In this technique, all thematic layers are accumulated to construct a composite layer by integration of each particular raster layer and their particular weight in the Arc GIS environment. For the weighted overlay, all thematic layers are converted into raster layers and all layers have to be reclassified with the same cell size for the suitable landfill zonation mapping. Weighted overlay analysis is the best procedure to identify the suitable location; this technique has been used in a different field study. For the landfill suitability analysis, several types of research have been conducted to assess suitable landfill sites employing this approach in the GIS platform viz. (Akbari et al. 2008; Eskandari et al. 2016; Ali and Ahmad, 2020). Landfill site suitability zonation map has been prepared with weighted overlay analysis, this technique can be expressed as follows:

$$\mathrm{WOA}={\textstyle\sum_{i=1}^n}\;x_i\times r_i$$
(7)

Where WOA is considered as weighted overlay analysis, xi is ith criteria weight of the selected particular parameter, ri is ith criteria rating of the selected particular parameter and n is the selected total parameters used in the landfill suitability zonation map.

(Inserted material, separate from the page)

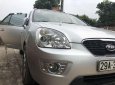 Kia Carens     2011 - Cần bán gấp Kia Carens năm 2011, màu bạc giá cạnh tranh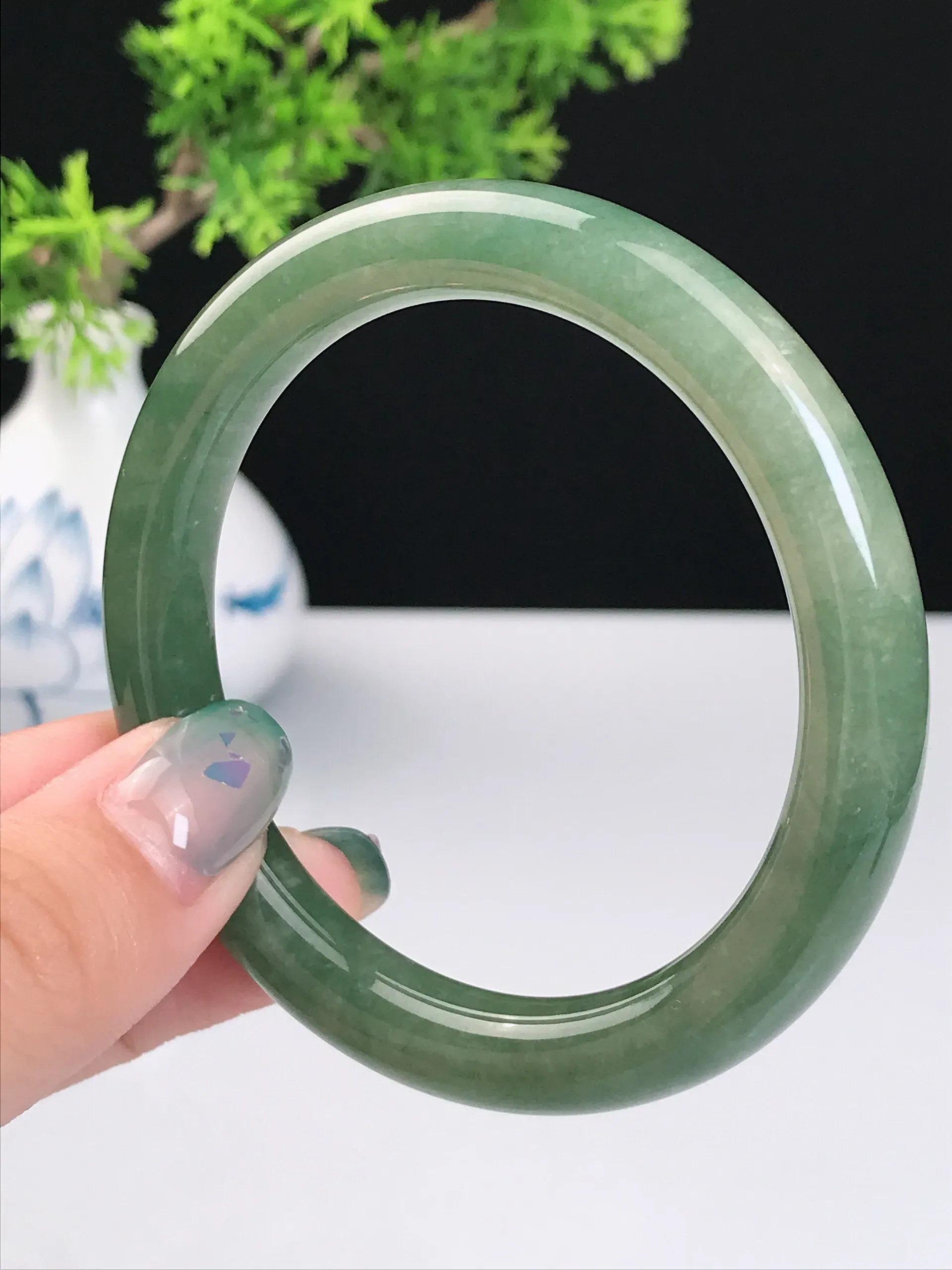 52-53圈口 天然A货翡翠 老坑种冰润满绿圆条手镯 尺寸：52.7*8.8mm 重量：39.86g 种好水足  玉质细腻 佩戴效果佳！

4.6 Landfill suitability index (LSI)

Landfill suitability zonation was done by the following expression

$$\begin{array}{l}\left({\mathbf{EL}}_{\mathbf w}\times{\mathbf{EL}}_{\mathbf{sw}}\right)+\left({\mathbf{SL}}_{\mathbf w}\times{\mathbf{SL}}_{\mathbf{sw}}\right)+\left({\mathbf{GL}}_{\mathbf w}\times{\mathbf{GL}}_{\mathbf{sw}}\right)+\left({\mathbf{DL}}_{\mathbf w}\times{\mathbf{DL}}_{\mathbf{sw}}\right)+\left({\mathbf{LV}}_{\mathbf w}\times{\mathbf{LV}}_{\mathbf{sw}}\right)+\\\left({\mathbf{DC}}_{\mathbf w}\times{\mathbf{DC}}_{\mathbf{sw}}\right)+\left({\mathbf{DR}}_{\mathbf w}\times{\mathbf{DR}}_{\mathbf{sw}}\right)+\left({\mathbf{DS}}_{\mathbf w}\times{\mathbf{DS}}_{\mathbf{sw}}\right)+\left({\mathbf{LULC}}_{\mathbf w}\times{\mathbf{LULC}}_{\mathbf{sw}}\right)\end{array}$$

Where, in this expression subscripted ‘w’ means the criteria weight and ‘sw’ means the sub-criteria weight used for each layer interpret. Here, EL is elevation, SL is slope, GL is geology, DL is distance from Lineament, LV is Land value and DC is distance from river and canal, DR is distance from road, DS denotes distance from residence and LULC is for land use land cover. All thematic layers were reclassified with 30 m cell size and converted to raster format and then projected into UTM projection WGS 1984 in Arc GIS desktop10.5 version.

5 Results

The research study used various parameters such as topographical expressions (elevation, geology, slope, LULC), hydrological (distance from river and canal), and socio-economic (land value, distance from road, residence, etc.) to evaluate the suitable disposal sites in Siliguri Municipal Corporation Planning Area. The convincing argument for utilizing these parameters is that they are often and adequately used for determining whether a region is suitable or not for landfills. Using GIS-MCDA techniques, various thematic maps including elevation, geology, LULC, land value, distance from the road, etc. were treated as factors to generate a potential landfill site map.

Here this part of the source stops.